=== Begin Enclosure ===

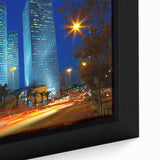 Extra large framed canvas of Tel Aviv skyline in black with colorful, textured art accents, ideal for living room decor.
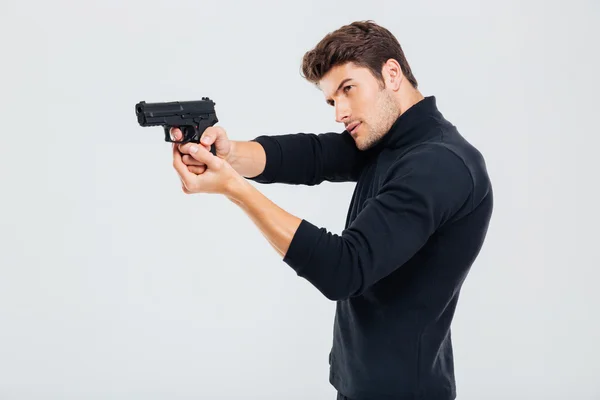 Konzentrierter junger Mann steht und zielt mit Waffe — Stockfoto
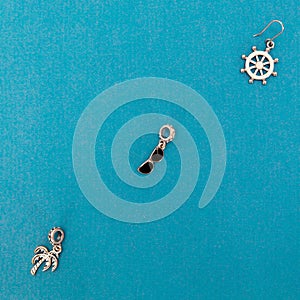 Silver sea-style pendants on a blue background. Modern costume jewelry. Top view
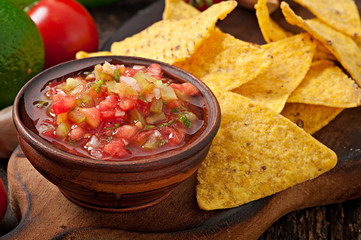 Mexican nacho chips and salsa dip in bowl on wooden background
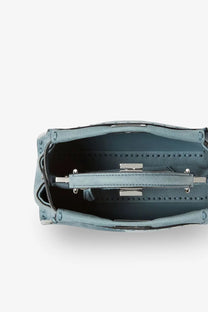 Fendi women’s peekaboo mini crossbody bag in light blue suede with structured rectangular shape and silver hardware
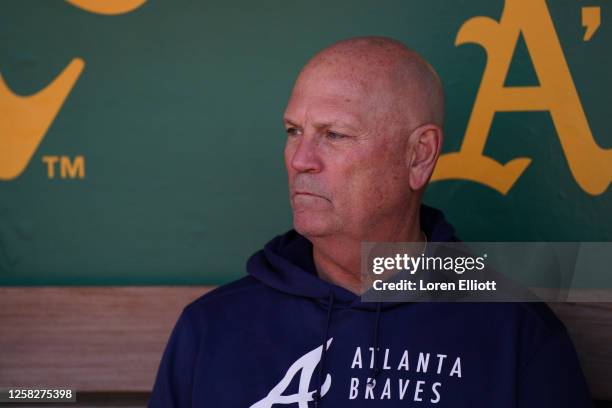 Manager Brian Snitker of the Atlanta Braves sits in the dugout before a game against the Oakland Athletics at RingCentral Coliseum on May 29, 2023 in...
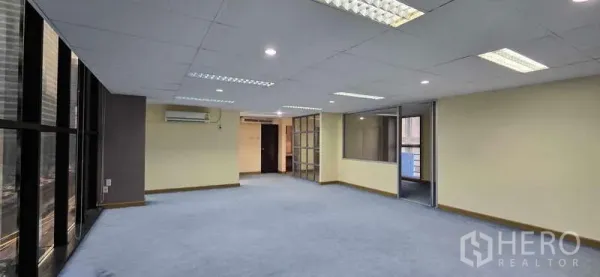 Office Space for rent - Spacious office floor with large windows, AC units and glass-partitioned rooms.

=== End Enclosure ===
=== Begin Enclosure ===

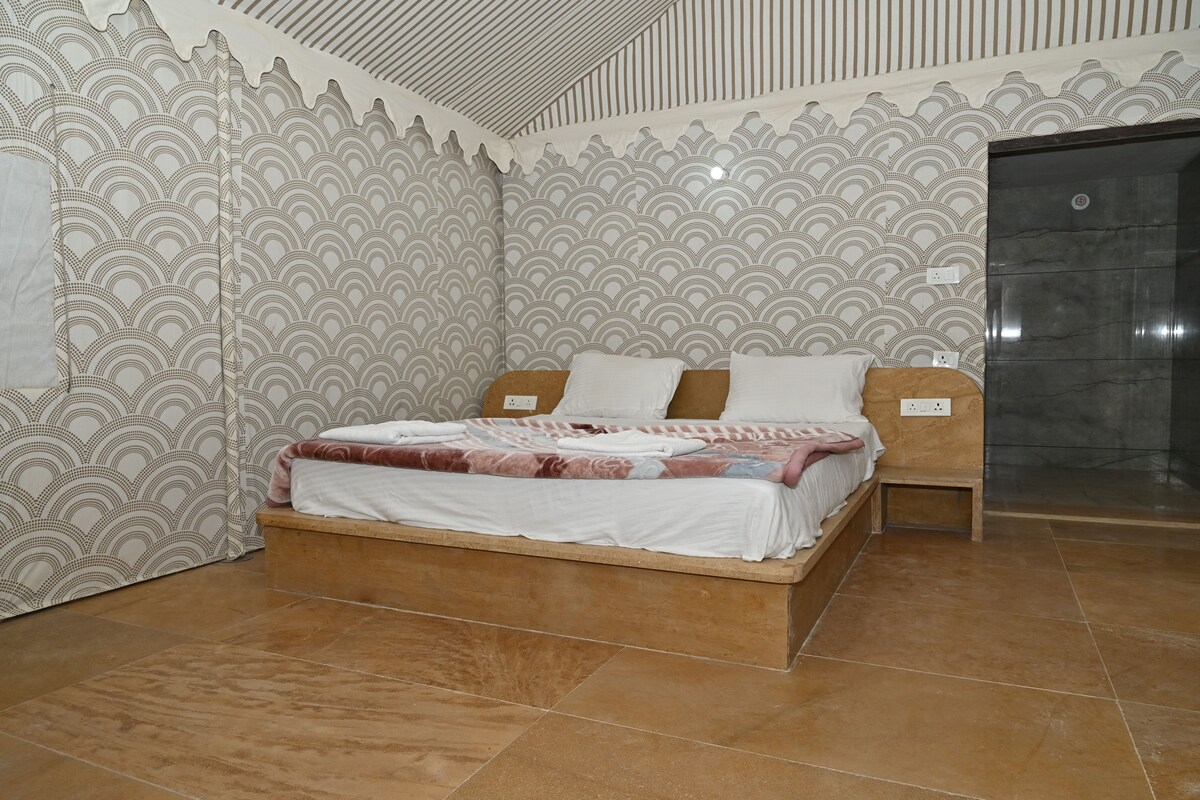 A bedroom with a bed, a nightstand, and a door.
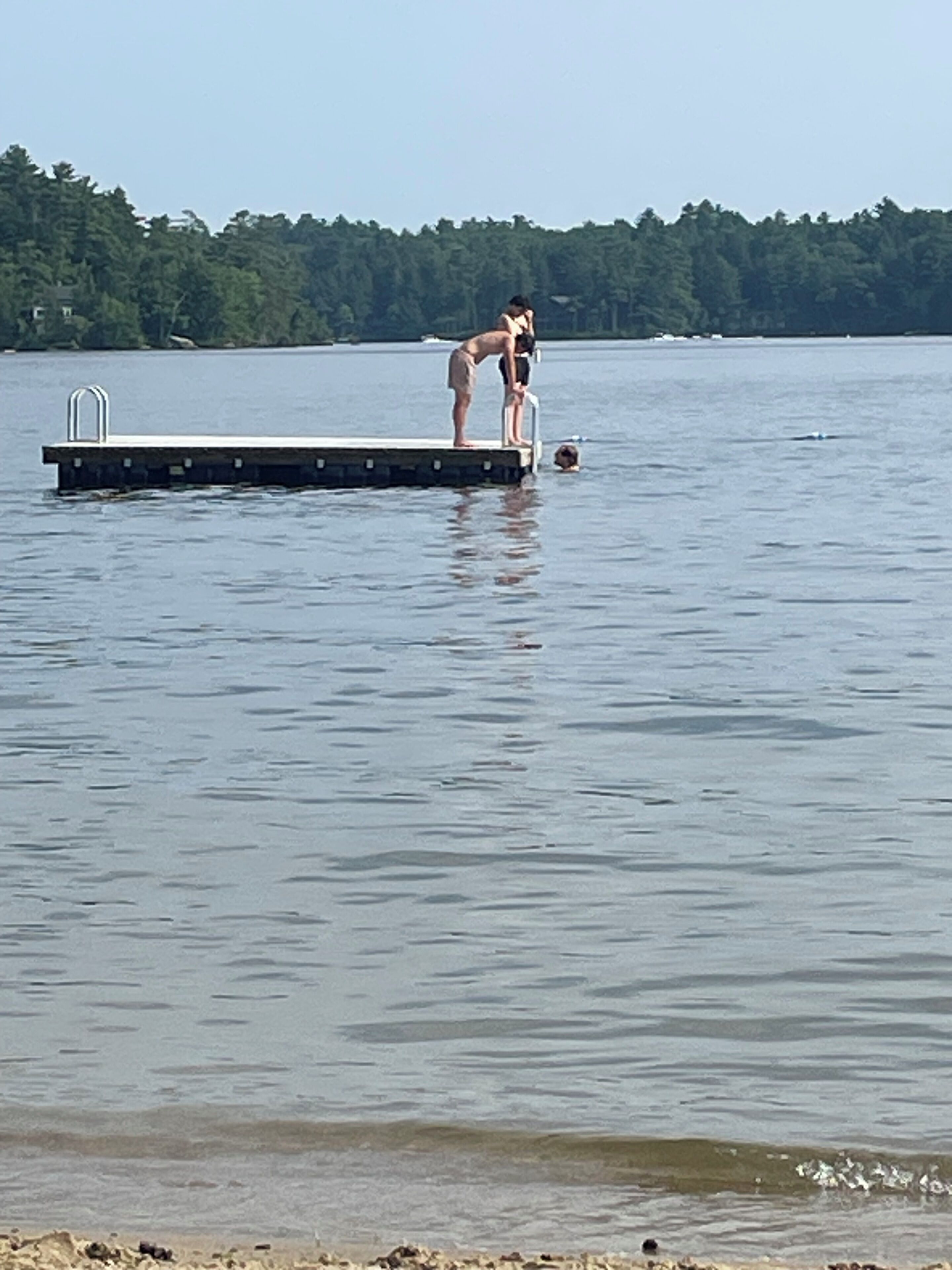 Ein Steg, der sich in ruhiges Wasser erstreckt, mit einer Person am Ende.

=== End Enclosure ===
=== Begin Enclosure ===

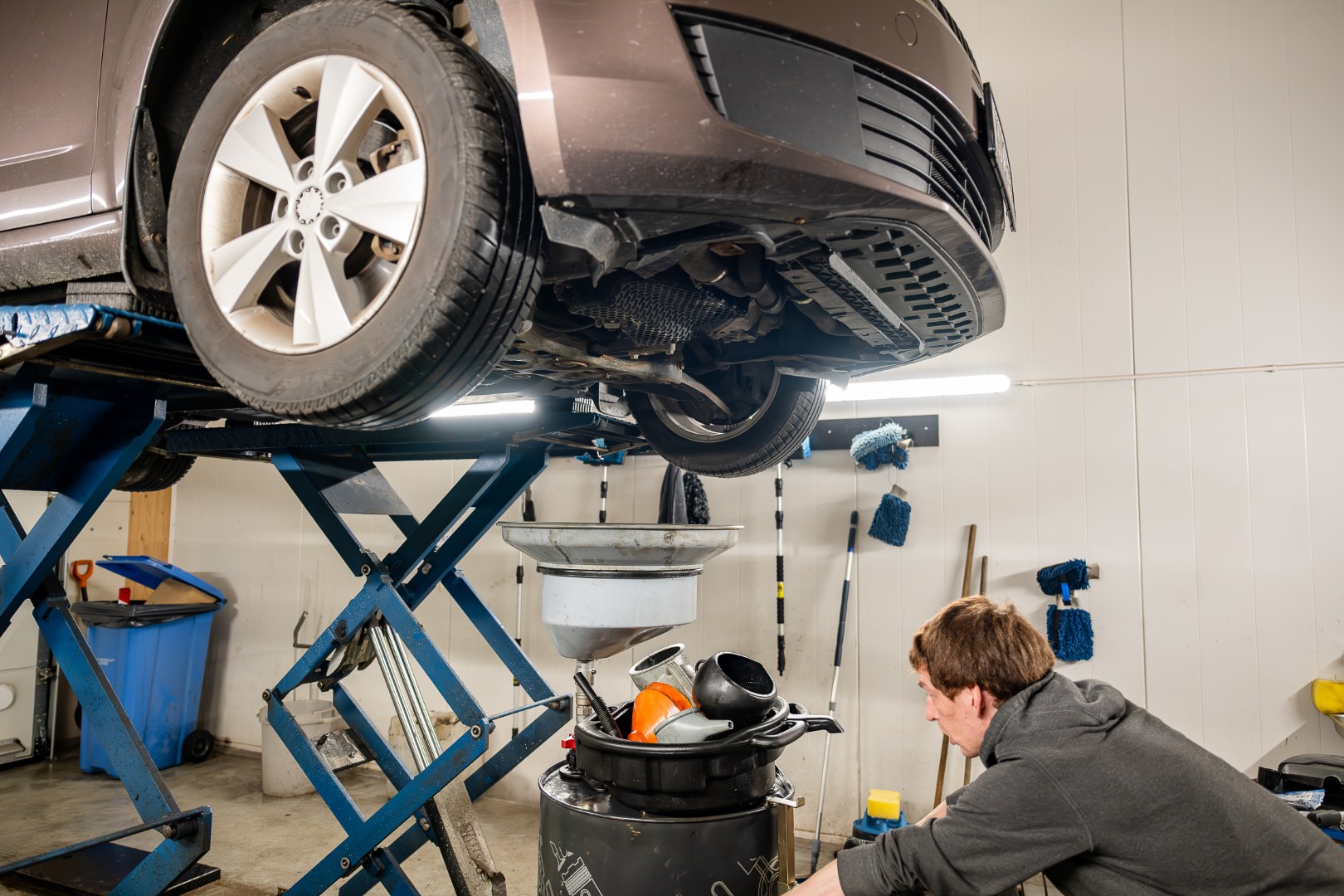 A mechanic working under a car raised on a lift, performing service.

=== End Enclosure ===

EXERCISE BRIEF: Write down exactly what the lines above say, from the line holding "Manager Brian Snitker" through the line holding "Office Space for", and nothing more. Do not copy the pictures.

TASK RESULT:
 Manager Brian Snitker of the Atlanta Braves sits in the dugout before a game against the Oakland Athletics at RingCentral Coliseum on May 29, 2023 in...
 Office Space for rent - Spacious office floor with large windows, AC units and glass-partitioned rooms.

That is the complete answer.